1) From the viewpoint of a novice programmer, using team stats is really easy. There are a dozen different websites with consolidated, uniform, and sortable information. www.nfl.com and www.espn.com for example. Once you've acquired the data, you can easily manipulate it into the form that works for your program. The team stats can be incorporated into the simulation from a single web page. Grabbing an individual's stats takes a little more effort and problem solving. The difficulty lies in the automation of the process. Getting the program to find each team's website then find the player specific data you're looking for, can be tricky.

It doesn't sound much more difficult, but if you decide to use player statistics, you'll have to really work on your organizational skills. Remember, you'll have to retrieve and organize data from every position (with backups and second strings, etc.) from every team, i.e. DAL: QB Tony Romo, Brad Johnson, Richard Bartel; RB Marion Barber, Felix Jones, Tony Romo; WR .... .... .... You get the idea. All of this extra information that you use means you need a lot more computing power and a lot more patience.

2) Injuries? Substitutions? Trades? Here is where it may seem that simulation at the player level has an advantage over simulation at the team level. Surely when you account for individual changes, you'll get better accuracy, right? Well...maybe. Let's talk about team stats first. Team stats, at the very basic level do not take into account injuries, substitutions, trades or anything of the sort. Team simulations operate under the assumption that the team is a single, static object, which generates stats as the weeks go by, regardless of the players that make it up. From a programming standpoint, this makes things really easy because you don't have to worry about writing code to distinguish between different players and their respective stats, you just use a single set of statistics for the entire simulation.

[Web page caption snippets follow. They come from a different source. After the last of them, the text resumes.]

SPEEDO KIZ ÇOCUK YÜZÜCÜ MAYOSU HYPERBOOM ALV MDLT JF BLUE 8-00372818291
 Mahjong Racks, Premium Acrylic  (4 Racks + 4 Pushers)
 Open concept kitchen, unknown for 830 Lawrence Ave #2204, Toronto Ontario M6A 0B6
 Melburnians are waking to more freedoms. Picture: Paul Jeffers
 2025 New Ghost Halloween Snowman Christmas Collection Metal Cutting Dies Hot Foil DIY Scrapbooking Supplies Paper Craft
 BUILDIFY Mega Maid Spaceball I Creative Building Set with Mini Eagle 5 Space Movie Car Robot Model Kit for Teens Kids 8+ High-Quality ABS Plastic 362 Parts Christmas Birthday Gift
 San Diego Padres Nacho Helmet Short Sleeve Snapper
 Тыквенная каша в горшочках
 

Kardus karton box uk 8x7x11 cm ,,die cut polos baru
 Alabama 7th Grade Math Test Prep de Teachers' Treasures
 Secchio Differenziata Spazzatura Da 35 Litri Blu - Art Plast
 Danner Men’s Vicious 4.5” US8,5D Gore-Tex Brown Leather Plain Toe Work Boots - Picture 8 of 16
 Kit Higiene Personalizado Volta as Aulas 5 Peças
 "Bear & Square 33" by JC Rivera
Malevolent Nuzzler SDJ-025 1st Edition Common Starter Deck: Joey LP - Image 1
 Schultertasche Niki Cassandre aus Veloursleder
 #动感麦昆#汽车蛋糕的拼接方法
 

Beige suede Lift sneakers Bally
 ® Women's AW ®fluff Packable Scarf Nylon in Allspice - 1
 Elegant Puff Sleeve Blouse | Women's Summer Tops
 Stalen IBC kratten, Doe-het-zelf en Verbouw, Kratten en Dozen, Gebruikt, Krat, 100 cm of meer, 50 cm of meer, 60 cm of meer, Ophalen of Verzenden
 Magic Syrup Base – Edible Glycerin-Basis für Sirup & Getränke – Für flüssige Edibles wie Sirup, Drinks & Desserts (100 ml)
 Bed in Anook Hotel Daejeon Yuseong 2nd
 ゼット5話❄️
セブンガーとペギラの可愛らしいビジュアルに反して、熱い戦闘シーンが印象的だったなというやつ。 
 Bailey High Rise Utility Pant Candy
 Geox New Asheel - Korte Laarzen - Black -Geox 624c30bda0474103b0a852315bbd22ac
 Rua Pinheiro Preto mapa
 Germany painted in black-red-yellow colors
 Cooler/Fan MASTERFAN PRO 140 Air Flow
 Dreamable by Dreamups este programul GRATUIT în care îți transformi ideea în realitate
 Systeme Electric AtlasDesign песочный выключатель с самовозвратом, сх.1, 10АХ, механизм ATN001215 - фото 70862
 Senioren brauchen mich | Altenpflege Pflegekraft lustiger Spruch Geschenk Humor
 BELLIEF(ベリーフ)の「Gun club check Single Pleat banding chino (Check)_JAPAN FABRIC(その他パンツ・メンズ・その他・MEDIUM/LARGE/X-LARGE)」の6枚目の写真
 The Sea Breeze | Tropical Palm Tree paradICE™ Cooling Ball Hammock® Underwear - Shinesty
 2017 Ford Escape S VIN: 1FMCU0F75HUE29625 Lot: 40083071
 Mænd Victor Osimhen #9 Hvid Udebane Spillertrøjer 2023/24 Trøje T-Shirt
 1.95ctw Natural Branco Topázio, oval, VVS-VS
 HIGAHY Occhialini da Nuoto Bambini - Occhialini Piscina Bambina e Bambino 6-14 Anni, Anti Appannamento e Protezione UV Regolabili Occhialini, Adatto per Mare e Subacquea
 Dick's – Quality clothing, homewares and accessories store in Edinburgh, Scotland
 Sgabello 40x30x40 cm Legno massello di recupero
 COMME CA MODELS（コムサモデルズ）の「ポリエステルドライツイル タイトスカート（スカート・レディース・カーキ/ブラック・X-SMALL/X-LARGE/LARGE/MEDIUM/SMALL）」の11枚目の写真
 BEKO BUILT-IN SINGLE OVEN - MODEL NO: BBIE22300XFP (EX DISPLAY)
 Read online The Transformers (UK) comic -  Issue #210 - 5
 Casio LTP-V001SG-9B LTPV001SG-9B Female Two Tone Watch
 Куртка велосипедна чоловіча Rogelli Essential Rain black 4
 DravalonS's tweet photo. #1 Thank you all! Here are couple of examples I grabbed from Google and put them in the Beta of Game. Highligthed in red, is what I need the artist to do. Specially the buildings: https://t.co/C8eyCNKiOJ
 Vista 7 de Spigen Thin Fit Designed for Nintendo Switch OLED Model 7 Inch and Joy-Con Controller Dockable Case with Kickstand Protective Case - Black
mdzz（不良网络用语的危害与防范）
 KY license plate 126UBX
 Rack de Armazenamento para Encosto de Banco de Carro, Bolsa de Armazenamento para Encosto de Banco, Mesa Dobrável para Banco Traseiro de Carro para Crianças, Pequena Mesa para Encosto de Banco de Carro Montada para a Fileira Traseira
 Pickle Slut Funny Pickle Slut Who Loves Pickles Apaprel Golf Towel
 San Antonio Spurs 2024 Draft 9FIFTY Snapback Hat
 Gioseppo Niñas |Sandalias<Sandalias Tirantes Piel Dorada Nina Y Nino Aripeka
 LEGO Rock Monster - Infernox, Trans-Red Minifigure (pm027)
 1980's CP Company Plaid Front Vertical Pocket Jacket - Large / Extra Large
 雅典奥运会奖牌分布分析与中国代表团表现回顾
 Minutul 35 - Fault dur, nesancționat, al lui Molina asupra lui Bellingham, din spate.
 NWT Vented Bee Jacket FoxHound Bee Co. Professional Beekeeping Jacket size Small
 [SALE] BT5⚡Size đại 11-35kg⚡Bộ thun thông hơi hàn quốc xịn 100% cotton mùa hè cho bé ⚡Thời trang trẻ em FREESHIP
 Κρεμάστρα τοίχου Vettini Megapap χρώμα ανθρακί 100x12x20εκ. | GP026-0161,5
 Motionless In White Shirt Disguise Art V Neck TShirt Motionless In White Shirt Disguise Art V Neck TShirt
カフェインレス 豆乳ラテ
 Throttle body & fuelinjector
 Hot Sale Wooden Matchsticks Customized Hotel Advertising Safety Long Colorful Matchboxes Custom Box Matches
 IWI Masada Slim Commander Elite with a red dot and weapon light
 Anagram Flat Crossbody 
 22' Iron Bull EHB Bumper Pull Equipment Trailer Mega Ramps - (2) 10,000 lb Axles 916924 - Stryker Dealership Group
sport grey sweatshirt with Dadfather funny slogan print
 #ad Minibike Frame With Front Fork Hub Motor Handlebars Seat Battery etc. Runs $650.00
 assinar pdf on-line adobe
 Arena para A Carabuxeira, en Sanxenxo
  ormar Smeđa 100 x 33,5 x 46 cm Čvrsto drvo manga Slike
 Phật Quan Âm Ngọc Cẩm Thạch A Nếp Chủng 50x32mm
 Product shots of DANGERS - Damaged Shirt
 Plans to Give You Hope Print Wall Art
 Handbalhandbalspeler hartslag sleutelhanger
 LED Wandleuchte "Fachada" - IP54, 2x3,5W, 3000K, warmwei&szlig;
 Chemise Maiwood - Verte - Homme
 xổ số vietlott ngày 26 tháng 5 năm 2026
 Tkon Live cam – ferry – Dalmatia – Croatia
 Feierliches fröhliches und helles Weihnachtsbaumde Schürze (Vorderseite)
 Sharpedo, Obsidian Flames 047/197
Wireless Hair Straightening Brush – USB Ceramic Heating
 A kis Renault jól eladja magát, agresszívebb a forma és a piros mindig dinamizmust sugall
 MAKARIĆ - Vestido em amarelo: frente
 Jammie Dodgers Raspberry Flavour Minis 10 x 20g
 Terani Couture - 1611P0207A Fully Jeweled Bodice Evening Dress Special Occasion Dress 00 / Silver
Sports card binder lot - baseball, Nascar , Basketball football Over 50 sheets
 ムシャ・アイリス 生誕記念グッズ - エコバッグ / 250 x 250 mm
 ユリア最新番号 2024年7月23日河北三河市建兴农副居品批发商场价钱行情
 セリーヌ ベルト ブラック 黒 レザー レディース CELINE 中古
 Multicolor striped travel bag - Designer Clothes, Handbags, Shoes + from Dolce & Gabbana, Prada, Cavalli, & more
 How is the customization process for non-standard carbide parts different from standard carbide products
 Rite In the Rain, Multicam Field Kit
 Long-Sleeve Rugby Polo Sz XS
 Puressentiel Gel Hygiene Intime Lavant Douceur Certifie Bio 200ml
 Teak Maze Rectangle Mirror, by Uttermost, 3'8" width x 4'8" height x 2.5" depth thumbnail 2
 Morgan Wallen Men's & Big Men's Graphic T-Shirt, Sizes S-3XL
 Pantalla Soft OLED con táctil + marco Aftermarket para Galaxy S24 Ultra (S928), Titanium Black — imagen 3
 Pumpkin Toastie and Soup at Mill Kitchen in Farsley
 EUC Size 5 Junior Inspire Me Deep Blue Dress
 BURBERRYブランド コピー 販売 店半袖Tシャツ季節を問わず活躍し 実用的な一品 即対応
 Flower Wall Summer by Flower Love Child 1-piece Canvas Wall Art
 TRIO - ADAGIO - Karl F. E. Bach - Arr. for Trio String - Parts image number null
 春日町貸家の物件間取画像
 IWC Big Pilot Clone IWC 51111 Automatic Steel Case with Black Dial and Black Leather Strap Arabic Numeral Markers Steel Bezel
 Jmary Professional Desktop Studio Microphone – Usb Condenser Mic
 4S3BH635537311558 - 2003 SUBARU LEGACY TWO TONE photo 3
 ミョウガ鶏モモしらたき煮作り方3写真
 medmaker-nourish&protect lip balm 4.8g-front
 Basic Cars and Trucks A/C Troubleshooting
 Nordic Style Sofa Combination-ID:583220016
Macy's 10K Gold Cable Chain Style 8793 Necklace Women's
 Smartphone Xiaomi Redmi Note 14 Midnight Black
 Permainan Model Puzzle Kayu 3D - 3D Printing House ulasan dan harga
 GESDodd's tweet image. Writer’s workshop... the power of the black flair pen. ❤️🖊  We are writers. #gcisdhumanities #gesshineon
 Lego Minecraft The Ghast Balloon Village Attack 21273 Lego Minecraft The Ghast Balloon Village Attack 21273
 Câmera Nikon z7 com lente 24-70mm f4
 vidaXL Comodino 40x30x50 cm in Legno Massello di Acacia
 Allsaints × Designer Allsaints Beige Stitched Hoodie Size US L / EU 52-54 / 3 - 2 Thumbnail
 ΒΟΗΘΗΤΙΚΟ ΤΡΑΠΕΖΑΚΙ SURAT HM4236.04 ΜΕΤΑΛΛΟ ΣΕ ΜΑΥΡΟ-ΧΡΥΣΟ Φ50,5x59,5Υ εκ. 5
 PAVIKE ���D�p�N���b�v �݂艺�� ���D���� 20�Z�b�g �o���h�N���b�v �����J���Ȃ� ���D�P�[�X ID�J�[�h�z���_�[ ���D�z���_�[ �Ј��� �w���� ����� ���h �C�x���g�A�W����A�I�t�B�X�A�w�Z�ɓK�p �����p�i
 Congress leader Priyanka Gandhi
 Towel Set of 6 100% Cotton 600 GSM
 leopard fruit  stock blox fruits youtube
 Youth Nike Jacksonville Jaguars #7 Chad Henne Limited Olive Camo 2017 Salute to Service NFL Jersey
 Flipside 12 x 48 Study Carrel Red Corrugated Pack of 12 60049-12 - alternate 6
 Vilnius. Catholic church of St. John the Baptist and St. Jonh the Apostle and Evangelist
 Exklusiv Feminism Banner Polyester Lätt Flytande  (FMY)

From the player perspective: by accounting for major changes, you might be able to improve your accuracy. How do you reconcile in-game changes? The Cowboys consistently used Julius Jones and Marion Barber in the same game, so you have to figure out who runs each play in the simulation. The best method I can think of is finding how many attempts per game each RB has and proportion the plays in the simulation accordingly. When you consider every player for every team, this becomes pretty daunting.

Now let's assume there's an injury. If the Patriots have built up a set of passing statistics with Brady as the QB, those statistics are going to be pretty damn good, and they'll carry through to the next games. After 14 weeks, Brady gets injured and is out for the season. This is where a player simulation has its advantage; by using the great team stats that the Patriots had generated to simulate the subsequent games, you misrepresent the Patriots' skill as being greater than it actually is. Therefore, the next games will be inaccurate. When you use replace Brady with his backup, everything might work out. The tricky part is assigning averages or attributes to a player with no experience. You can figure out for yourself. Other provisions can be made when using team's stats if an injury occurs, like a assigning a general injury multiplier to the affected statistics. Trades can be treated in the same manner as injuries; both a player swap.

When deciding whether to write a simulation using team statistics or player statistics, the important factors to consider are: programming ability, patience, and free time. If you're an expert programmer with experience integrating web data with your respective programming language or if you've got a real drive to get the program done, consider using player stats. Otherwise, use team stats.

If you're wondering about how team accuracy compares with player accuracy, compare Black Box Sports and Accuscore. Black Box Sports' NFLSim uses team statistics for play-by-play simulations, Accuscore assigns attributes to individual players for their play-by-play simulation. This is the first full season for Black Box Sports, so we'll see who wins.